Work in progress on this section…
Today Portland dominates the confluence of the Willamette River and the Columbia River. But it was not always so. In fact when Lewis and Clark passed by they missed seeing the Willamette River altogether, because at that time it was obscured by two island that lay across its confluence. Lying closer to Sauvie Island, Coon Island obscured the view of the tributary. Eventually was later incorporated into Sauvie’s Island at a place now called Belle Vue Point. On the southern side of the confluence Pearcy’s Island effectively blocked the view of the stately Willamette River
An 1854 cadastral survey (tax survey) for T2N R1W showed two islands at the mouth of the Willamette River. The island on the north side of the mouth of the Willamette would eventually merge with Sauvie Island and would become today’s Belle Vue Point. The island on the south side of the mouth of the Willamette when merged with mainland Oregon would become Kelley Point. The map also shows a small island off of the Kelley Point island which also would become part of Kelley Point, and a second small island in the slough separating the Kelley Point island from mainland Oregon, which would become part of mainland Oregon.

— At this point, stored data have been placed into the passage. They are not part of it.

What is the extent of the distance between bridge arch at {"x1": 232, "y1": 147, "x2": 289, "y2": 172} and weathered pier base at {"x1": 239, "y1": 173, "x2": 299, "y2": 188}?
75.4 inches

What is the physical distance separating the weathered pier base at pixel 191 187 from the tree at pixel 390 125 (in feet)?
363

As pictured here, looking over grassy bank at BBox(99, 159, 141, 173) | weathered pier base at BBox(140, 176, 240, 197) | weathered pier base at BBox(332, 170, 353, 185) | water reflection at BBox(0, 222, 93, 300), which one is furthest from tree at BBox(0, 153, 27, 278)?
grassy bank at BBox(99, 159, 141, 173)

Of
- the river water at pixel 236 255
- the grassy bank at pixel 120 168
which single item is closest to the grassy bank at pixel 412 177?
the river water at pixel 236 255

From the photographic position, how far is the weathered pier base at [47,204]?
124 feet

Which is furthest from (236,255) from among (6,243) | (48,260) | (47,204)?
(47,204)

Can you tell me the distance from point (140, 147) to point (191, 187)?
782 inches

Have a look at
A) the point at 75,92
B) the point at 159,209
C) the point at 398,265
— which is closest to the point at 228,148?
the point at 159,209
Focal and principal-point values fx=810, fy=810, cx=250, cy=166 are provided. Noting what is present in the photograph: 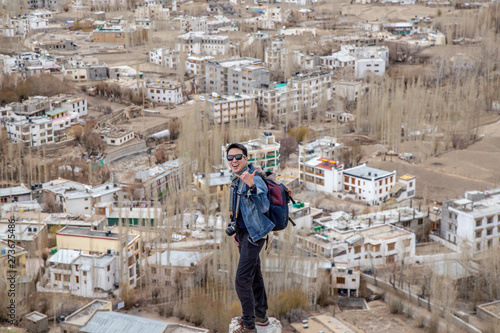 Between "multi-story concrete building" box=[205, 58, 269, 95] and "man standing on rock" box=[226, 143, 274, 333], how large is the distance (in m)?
15.5

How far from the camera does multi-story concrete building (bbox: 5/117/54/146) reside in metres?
15.6

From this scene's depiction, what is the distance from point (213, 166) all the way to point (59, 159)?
2.98m

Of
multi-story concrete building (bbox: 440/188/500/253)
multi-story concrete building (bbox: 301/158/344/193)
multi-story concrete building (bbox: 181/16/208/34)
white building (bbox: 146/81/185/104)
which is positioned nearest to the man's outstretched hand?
multi-story concrete building (bbox: 440/188/500/253)

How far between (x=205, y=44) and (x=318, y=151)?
11540mm

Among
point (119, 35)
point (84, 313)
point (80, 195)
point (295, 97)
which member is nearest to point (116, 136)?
point (80, 195)

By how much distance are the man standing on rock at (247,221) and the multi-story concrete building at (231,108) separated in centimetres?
1317

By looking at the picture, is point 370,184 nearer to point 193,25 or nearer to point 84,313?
point 84,313

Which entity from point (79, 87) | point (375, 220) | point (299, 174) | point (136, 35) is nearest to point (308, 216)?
point (375, 220)

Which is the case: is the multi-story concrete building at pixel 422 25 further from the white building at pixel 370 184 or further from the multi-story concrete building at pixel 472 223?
the multi-story concrete building at pixel 472 223

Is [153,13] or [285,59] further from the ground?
[153,13]

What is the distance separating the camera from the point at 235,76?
2025cm

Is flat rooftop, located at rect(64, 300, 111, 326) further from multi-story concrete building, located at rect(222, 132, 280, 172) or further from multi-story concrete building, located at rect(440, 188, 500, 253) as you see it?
multi-story concrete building, located at rect(222, 132, 280, 172)

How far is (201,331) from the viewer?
8250mm

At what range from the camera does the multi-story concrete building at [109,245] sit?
9891mm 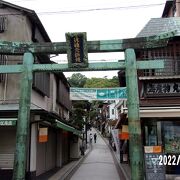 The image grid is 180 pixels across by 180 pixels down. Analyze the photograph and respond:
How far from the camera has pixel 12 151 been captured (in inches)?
718

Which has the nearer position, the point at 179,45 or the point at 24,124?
the point at 24,124

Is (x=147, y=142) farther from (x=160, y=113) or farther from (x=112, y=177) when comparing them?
(x=112, y=177)

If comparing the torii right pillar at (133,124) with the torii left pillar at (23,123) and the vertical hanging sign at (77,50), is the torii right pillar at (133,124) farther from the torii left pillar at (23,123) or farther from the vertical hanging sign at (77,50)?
the torii left pillar at (23,123)

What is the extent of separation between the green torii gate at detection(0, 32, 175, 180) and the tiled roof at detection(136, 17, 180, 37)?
16.2 feet

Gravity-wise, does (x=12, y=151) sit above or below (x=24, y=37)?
below

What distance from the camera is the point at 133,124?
14.7 meters

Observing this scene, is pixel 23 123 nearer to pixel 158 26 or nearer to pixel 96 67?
pixel 96 67

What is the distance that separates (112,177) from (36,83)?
7.48m

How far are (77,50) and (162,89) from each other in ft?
17.9

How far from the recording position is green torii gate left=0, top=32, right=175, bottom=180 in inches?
575

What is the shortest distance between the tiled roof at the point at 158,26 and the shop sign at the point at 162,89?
370cm

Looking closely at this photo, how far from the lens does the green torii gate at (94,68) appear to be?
47.9 feet

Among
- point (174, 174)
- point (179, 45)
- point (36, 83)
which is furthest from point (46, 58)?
point (174, 174)

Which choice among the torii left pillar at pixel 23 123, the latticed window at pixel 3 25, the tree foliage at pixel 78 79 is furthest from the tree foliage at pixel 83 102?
the torii left pillar at pixel 23 123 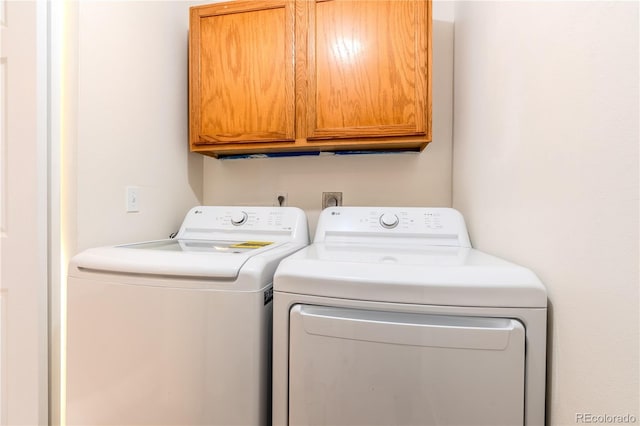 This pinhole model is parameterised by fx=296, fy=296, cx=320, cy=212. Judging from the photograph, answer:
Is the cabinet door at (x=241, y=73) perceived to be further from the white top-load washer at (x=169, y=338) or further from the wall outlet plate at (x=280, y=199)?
the white top-load washer at (x=169, y=338)

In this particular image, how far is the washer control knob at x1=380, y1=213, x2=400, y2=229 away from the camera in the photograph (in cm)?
139

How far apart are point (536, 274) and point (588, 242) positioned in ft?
0.67

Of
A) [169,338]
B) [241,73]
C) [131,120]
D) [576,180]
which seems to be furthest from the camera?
[241,73]

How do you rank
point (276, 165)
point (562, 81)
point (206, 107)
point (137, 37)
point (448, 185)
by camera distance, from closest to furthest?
point (562, 81) → point (137, 37) → point (206, 107) → point (448, 185) → point (276, 165)

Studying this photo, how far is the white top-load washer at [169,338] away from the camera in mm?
791

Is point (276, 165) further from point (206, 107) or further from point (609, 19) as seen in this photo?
point (609, 19)

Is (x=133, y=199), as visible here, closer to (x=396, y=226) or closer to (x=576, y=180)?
(x=396, y=226)

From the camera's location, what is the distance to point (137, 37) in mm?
1347

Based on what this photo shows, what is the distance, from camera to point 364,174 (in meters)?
1.70

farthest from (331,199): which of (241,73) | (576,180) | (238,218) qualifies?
(576,180)

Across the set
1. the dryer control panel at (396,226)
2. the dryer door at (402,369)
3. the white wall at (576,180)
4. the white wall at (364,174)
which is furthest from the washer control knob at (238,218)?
the white wall at (576,180)

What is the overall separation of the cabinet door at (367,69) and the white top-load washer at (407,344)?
805mm

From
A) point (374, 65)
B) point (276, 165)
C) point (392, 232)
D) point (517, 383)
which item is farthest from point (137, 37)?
point (517, 383)

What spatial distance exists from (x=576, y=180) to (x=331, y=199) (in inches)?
47.5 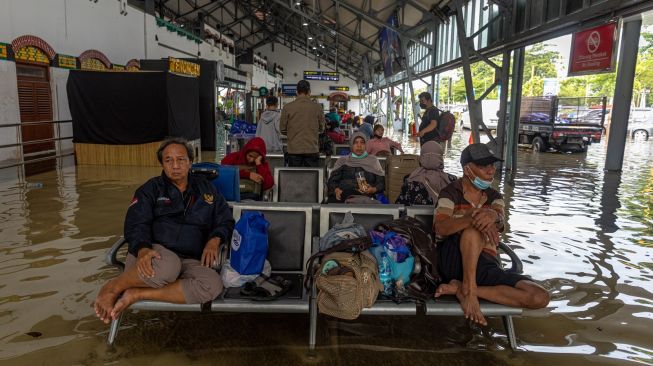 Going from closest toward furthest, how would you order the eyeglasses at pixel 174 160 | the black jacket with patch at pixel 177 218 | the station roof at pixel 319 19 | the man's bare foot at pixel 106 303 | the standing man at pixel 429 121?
the man's bare foot at pixel 106 303, the black jacket with patch at pixel 177 218, the eyeglasses at pixel 174 160, the standing man at pixel 429 121, the station roof at pixel 319 19

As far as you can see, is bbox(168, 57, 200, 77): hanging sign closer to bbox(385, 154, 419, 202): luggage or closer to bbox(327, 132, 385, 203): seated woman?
bbox(385, 154, 419, 202): luggage

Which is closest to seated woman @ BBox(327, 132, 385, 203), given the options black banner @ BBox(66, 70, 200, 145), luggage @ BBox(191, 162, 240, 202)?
luggage @ BBox(191, 162, 240, 202)

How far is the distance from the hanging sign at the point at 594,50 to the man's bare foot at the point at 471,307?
25.3ft

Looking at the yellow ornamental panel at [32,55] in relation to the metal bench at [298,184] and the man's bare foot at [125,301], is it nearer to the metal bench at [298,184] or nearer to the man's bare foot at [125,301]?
the metal bench at [298,184]

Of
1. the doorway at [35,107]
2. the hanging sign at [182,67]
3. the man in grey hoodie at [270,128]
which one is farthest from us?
the hanging sign at [182,67]

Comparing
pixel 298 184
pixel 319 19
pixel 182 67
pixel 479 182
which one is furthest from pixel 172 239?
pixel 319 19

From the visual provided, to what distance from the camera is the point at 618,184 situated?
998cm

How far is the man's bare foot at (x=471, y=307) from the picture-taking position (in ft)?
9.23

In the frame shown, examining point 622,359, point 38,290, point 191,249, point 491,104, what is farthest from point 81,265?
point 491,104

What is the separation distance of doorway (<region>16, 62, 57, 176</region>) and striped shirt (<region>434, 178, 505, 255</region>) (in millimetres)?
11020

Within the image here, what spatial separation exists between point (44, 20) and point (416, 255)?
43.1 feet

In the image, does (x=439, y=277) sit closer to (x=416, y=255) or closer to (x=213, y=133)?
(x=416, y=255)

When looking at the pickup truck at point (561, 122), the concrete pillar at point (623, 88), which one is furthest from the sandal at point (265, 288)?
the pickup truck at point (561, 122)

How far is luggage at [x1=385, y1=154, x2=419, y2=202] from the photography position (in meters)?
5.67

An 1888 U.S. Coast and Geodetic Survey Chart “Columbia River Sheet No.6, Fales Landing to Portland” has the same four islands, with sand bars in the sloughs separating the islands from land. The mouth of the Willamette River runs between the islands. “Coon I.” was the island off of Sauvie Island, “Pearcy’s Island” was the island which was to become Kelley Point and “Pearcy’s Slough” separated the island from mainland Oregon. “Ramsey’s I.” was the small island in the slough and “Nigger Tom I.” was the small island off of Pearcy’s Island which would later become part of Kelley Point.